The black cone of Stromboli rises from the sea with smoke billowing from its summit. The scene has remained unchanged for more than two millennia, the length of time the world's most active volcano has been spitting fire into the Sicilian sky. In ancient times, the extraordinary landmark guided seafarers towards the Straits of Messina, the narrow channel between Sicily and the Italian mainland. One of 10 emeralds scattered on the turquoise mirror of the Tyrrhenian Sea, it is perhaps the most striking of the Aeolian Islands, a natural marvel that has defied the passage of time.

That could all change, thanks to a decision by lawmakers in the Sicilian capital of Palermo.

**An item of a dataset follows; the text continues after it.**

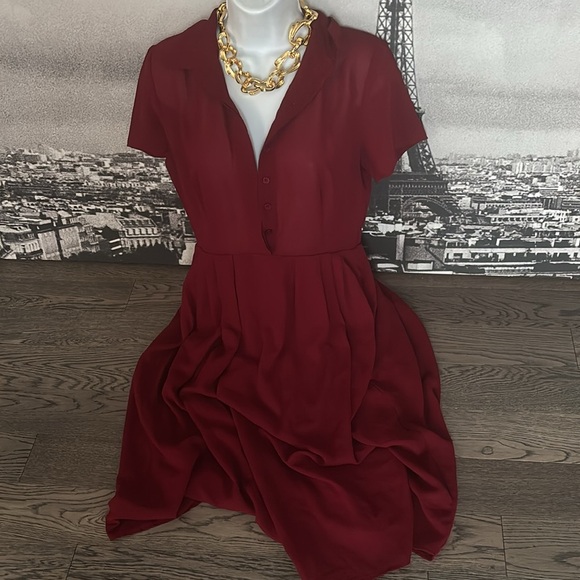 Re named Burgundy Wrap Chiffon Dress M - Picture 5 of 14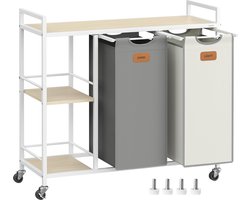 FurnStar - Wasmand 2 vakken - wasverzamelaar 100 l - wassorteerder - rollen - waswagen met planken - waszak - met afneembare vakken - 6 etiketten - kastanjebruin-inktzwart-87 x 33 x 80,5 cm - natuurbeige + duifgrijs + crèmewit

The regional assembly has approved a fiercely contested law allowing eight hotels to be built or expanded on previously protected green-belt land on two of the largest islands. Pushed through by supporters of Prime Minister Silvio Berlusconi's Forza Italia party, the new law has outraged environmentalists and divided the centre-right coalition. Giuliano Urbani, the Culture Minister, has vowed to challenge the regional law in the Constitutional Court.

Fury has been all the more intense because the building work could put at risk the Aeolian Islands' place on Unesco's World Heritage List, intended to protect sites of natural importance. The islands have been a landmark to geologists and vulcanologists since the 18th century and have provided terms for two types of eruptions (Vulcanian and Strombolian). Unesco has already underlined their continued scientific importance: "[The islands] provide a rich field for vulcanological studies of on-going geological processes in the development of landforms."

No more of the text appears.